Even more hilariously, he suggests Three Lions is an anthem to an "undying belief that a postwar legacy of thwarted ambition and diminished stature will be purged in the ecstasy of a footballing triumph".
And he claims Brexit is at the heart of it all – as leaving the EU has "seemingly reoriented every issue of importance along its tribal lines".
Unsurprisingly, many England supporters have disagreed – and they've set about puncturing the author's pretentious waffle.
David Baddiel was one of the first to defend his song.
The comedian bluntly told Spaeth: "It’s about how we mainly lose but still irrationally believe that this time, hope might triumph over experience.
"It’s about yearning and magical thinking.
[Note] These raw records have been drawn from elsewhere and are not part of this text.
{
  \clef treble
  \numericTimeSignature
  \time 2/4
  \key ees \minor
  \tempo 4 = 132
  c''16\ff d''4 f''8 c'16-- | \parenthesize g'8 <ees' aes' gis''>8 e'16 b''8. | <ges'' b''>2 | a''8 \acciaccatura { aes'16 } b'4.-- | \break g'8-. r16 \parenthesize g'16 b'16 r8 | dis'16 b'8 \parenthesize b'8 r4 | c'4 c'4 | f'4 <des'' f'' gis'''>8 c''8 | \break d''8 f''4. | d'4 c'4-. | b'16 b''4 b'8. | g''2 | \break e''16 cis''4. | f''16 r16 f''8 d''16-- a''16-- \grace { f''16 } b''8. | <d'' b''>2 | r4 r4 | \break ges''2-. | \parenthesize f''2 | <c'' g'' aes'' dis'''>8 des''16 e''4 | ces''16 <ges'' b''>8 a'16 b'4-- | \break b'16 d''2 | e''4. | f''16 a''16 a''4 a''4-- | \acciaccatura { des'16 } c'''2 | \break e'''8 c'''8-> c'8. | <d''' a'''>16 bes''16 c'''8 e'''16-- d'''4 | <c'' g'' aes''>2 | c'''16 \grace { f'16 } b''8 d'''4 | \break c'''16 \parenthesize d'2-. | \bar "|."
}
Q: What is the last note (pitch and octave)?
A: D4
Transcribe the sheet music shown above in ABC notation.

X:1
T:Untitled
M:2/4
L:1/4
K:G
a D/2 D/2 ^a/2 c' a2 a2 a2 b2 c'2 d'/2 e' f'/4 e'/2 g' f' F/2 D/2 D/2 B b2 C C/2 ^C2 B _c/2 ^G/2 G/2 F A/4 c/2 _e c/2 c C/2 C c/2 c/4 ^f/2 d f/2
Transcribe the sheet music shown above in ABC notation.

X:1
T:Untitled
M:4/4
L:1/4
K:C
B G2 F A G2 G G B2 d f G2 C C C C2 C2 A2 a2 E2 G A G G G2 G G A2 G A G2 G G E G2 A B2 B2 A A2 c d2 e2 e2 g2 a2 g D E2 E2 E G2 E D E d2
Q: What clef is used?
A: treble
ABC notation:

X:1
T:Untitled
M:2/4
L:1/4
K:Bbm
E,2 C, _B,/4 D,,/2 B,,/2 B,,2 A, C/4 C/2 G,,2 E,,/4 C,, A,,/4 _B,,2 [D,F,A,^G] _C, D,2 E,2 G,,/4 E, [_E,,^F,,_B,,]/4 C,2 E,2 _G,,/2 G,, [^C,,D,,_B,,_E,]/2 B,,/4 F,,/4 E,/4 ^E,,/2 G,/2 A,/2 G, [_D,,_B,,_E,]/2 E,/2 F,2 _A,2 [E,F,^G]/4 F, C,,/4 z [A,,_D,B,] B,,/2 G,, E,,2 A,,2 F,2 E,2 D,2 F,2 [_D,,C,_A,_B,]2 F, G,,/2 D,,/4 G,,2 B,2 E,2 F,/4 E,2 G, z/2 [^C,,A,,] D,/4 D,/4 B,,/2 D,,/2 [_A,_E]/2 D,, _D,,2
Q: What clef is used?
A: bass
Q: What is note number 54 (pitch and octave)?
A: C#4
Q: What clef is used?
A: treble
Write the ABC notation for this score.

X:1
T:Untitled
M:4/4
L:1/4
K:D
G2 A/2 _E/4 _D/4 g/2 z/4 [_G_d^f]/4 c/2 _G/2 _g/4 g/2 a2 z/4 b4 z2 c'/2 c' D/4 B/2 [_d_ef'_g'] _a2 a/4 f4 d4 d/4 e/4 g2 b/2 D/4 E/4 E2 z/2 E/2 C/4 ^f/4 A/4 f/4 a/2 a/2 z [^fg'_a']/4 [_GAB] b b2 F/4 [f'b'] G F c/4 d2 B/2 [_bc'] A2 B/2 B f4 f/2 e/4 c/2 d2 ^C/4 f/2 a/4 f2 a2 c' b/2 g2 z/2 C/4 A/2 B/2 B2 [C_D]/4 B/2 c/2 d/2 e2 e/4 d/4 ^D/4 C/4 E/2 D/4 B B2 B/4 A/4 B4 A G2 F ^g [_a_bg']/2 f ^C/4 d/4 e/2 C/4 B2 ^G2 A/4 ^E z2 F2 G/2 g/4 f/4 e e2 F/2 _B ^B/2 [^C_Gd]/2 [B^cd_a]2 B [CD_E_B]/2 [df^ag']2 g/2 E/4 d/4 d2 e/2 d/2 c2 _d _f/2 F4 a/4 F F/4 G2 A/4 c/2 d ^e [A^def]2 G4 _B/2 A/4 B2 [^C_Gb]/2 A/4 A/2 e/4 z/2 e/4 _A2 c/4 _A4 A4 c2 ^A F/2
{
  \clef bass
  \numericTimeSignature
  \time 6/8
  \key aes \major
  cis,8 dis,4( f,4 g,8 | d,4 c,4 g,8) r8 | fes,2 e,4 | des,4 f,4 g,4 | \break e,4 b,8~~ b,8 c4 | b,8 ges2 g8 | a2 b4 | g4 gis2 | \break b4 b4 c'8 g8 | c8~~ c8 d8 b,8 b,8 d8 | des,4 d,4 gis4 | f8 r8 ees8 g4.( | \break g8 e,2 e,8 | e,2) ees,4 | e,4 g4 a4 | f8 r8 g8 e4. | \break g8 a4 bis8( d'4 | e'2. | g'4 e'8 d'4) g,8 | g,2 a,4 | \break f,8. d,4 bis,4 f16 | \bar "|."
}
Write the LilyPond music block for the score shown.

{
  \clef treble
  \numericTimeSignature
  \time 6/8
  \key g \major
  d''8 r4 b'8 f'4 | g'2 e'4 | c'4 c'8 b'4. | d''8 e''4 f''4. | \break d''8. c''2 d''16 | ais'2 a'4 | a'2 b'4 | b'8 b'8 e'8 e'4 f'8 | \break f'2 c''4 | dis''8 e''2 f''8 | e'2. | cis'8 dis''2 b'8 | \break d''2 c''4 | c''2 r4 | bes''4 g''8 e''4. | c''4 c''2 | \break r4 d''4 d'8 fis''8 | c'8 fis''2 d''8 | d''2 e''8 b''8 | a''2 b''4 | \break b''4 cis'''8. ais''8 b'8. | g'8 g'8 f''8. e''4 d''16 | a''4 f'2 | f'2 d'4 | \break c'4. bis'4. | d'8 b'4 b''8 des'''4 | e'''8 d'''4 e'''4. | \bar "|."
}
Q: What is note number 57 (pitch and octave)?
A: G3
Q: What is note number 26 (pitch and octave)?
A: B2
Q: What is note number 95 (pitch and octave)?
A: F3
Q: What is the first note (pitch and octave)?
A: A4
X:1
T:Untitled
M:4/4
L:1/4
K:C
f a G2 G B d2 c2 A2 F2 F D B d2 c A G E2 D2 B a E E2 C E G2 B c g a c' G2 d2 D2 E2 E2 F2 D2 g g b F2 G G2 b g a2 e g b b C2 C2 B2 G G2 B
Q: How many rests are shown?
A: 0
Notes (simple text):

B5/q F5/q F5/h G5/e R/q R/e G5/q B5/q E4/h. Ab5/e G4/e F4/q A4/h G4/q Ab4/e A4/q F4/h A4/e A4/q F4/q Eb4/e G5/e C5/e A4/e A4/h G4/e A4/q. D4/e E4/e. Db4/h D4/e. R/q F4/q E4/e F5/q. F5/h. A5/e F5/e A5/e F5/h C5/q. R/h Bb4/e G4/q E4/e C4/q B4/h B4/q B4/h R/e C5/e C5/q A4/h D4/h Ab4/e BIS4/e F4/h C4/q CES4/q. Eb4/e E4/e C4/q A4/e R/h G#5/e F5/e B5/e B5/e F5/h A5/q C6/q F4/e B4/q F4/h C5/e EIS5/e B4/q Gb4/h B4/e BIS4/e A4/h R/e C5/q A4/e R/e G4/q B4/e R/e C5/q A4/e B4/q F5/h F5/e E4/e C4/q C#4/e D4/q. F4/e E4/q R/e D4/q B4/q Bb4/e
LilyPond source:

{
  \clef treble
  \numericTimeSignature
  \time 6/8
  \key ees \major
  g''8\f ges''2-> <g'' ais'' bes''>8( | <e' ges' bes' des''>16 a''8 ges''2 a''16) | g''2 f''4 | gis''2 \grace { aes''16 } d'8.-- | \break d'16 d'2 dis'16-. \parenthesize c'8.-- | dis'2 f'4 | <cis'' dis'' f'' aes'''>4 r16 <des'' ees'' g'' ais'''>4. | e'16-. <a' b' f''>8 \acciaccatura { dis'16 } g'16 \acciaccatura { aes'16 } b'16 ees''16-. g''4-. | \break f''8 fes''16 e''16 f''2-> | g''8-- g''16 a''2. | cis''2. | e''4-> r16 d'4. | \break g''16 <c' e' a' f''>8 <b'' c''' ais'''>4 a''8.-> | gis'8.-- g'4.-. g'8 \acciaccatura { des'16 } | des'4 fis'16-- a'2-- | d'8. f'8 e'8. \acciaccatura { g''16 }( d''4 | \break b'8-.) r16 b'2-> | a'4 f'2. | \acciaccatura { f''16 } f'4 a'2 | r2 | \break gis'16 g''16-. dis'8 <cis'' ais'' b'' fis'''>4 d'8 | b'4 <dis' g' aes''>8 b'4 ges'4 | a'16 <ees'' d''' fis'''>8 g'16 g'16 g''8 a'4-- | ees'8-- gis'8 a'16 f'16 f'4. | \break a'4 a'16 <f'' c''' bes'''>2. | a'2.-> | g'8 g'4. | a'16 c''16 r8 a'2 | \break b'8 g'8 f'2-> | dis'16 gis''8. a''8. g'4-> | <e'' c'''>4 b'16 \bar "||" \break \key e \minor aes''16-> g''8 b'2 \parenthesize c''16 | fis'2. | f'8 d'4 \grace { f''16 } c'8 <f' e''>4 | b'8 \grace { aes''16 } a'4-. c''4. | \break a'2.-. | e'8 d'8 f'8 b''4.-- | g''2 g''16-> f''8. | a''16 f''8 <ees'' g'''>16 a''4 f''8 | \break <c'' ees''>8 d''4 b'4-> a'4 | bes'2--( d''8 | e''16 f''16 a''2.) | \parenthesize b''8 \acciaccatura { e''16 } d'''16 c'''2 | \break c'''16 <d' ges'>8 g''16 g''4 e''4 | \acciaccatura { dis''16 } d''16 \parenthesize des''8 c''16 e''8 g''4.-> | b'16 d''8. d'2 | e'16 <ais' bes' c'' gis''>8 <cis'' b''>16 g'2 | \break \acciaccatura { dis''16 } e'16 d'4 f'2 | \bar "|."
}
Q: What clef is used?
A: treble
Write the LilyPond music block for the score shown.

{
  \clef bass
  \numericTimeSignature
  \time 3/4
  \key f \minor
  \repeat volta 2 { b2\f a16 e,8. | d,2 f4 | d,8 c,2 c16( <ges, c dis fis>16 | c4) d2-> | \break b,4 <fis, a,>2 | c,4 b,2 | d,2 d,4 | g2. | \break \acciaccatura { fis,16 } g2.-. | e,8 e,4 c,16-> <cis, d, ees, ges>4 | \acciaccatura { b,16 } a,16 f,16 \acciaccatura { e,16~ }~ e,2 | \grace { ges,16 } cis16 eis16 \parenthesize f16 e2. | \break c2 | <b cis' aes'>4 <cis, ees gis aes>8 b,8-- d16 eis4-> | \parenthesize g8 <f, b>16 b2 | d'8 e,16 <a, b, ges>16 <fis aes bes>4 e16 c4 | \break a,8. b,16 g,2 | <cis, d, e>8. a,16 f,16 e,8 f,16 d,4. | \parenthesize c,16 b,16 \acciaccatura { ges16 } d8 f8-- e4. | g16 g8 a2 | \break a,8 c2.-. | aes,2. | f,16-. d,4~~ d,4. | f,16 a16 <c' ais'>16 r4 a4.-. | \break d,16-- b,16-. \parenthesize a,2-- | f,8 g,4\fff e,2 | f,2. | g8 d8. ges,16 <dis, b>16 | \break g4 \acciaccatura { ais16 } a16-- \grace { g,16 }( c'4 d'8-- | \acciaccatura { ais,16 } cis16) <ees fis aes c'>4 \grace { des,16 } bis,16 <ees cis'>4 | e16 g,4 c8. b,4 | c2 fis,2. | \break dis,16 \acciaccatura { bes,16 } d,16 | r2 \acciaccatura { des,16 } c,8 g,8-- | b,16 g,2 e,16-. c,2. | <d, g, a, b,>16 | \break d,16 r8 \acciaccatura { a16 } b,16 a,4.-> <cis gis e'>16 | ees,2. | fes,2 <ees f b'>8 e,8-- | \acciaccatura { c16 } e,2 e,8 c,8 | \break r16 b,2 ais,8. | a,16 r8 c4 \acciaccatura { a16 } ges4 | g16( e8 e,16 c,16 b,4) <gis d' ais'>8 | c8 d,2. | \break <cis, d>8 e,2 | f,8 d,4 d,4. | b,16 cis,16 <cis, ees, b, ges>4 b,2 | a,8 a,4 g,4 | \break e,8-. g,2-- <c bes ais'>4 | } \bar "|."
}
It’s about the condition of being a football fan.
"Admittedly people have taken Football's Coming Home to mean all sorts of b******s."
One Twitter user replied: "Some people will read anything into things, won't they?!
"It's a love song about the England team and being a football fan in general."
Another said: "It’s the optimism of being a fan of either a club or a nation that never wins b*gger all.
"You still turn up every week thinking that you’ll win."
Journalist Jane Merrick was the first to share the article with Baddiel.
"The song isn’t about a Brexity, dewy-eyed nostalgia for 50s England!" she tweeted.
A user replied: "It’s about FOOTBALL.
"Sorry to disappoint people trying to hijack or give a radical theory.
"It’s about good old football. The working class sport."
Others complained directly to Spaeth's Twitter.
One said: "You have almost zero grip on understanding English football. I salute you", while a second blasted: "What a dreadful article. Just so wrong, wrong, wrong."
More labelled the writer "cringe-worthy" and said: "Reads like what it is, a story written by someone who doesn’t have the first idea about the subject and has absolutely no intention of finding out."
Millions of Brits untortured by our national identity and ready to sing along with the Three Lions will be watching England's final against Italy on Sunday.
Gareth Southgate and co will be hoping history doesn't repeat itself as the country gears up for our biggest game for 55 years.
England have won just ONE major tournament – the stunning 4-2 victory against West Germany to win the 1966 World Cup.
'CRINGE-WORTHY' ARTICLE BLASTED
But now captain Harry Kane has the chance to lead his troops into the record books in front of 60,000 screaming fans at Wembley Stadium.
Hopes are high after England laid the semi-final curse to rest with a fantastic 2-1 victory over Denmark on Wednesday night at Wembley.
But it'll be a nail-biting clash – and the Lions have never beaten Italy in a major tournament.
The last time they faced each other was at the 2014 World Cup, with the Italians winning 2-1.
Boris Johnson has refused to rule out a day off for millions of hungover workers on Monday if England wins.
The PM remained tight-lipped when quizzed on any plans yesterday.
He said: “I think that would be tempting fate – let's see.”
But the Sun has learnt officials are already drawing up proposals for a national day off so fans can celebrate a Three Lions triumph free from hated Covid restrictions.